DIANA'S BLOG



Idaho Springs, Colorado to Moab, Utah

I left Idaho Springs, Colorado (elevation 7,524 feet) after a good night’s rest at the Heritage Inn with views of the Arco Gold Mining company and Clear Creek. I took a quick stroll down Main Street before gasing up and heading back to I-70. The night before I had walked up to the BeauJo’s Colorado Style Pizza and had a great dinner. I noticed all the nice shops but was too exhausted to spend much time looking the night before. Main Street looked pretty good in the early morning light.

There were very interesting signs for rodeos, bike races, Alpine climbing competitions and theatre!

As I walked into the main section of downtown Idaho Springs I saw several rafts filled with excited, but drenched tourists enjoying the extremely narrow and rapid flow of Clear Creek. The Clear Creek Rafting Company offers several daily excursions. I wished that I had time to do a run before leaving this action-packed area of Colorado.


I stopped for breakfast in Frisco, Colorado (elevation 9,042 feet) at the very nice Log Cabin Cafe (oatmeal with raisins, brown sugar and walnuts).

After driving through the Eisenhower Tunnel on Interstate 70 (elevation 11,013 feet), the highest elevation I’ve ever driven, I was somewhat relieved to be back in some oxygenated air in Frisco at 9,042 feet. After breakfast I hiked the North Ten Mile Creek trail.  The trailhead is located very near the entrance to Interstate 70. Although it was uphill I managed to do fairly well in this altitude and go some nice photos of Ten Mile Creek running beside the trail.

I was able to stop and take a few shots of the Rocky Mountains along Route 70.


I drove through the magnificent and unexpected splendor of Glenwood Canyon and followed the Colorado River for the first time on this trip. I can’t imagine the engineering that went into building the road through this canyon.
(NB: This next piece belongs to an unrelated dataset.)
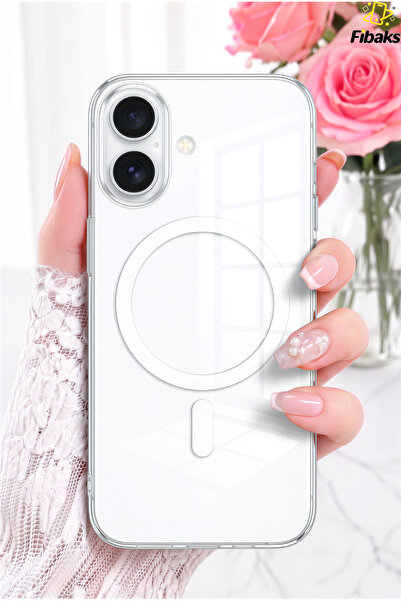 Fibaks (Premium Seri Sararmaz) iPhone 16 Kılıf Kristal Şeffaf MagSafe Uyumlu ...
Glenwood Canyon is about 150 miles west of Denver and 90 miles east of Grand Junction. The 16 mile-long canyon runs along the Colorado River. I looked it up when I got back to New York and found that this section of I-70 was indeed a huge engineering challenge and didn’t even begin until the 1980s and officially opened in 1992. It is an amazing collection of bridges, tunnels and retaining walls that maintained the canyon’s appearance. Glenwood Canyon has to be one of the most spectacular stretches of highway I’ve ever driven on.
There was a great rest area (Exit 121) and a bike path that ran along the Colorado River so I did an easy 20-mile ride even though it was noon and quite hot. I saw two rafts floating down the river as I biked alongside.

The nicely paved bike path followed the Colorado River for some distance with Interstate 70 on the other side and railroad tracks on the other.


I stopped for gas in Grand Junction, Colorado then headed out into the canyonlands for the long drive into Utah. As I entered Utah there was a sign that said “Eagles On Highway.” I didn’t see any but what an amazing state! I got into Moab, walked on Main Street and visited the three(!) excellent bookstores. I drove out to Dead Horse State Park for the sunset at Dead Horse Point Overlook. I set up both my tripods and then snapped this shot with my Canon.

The moon was almost full and made a great scene with the clouds and sunset. More from Moab tomorrow.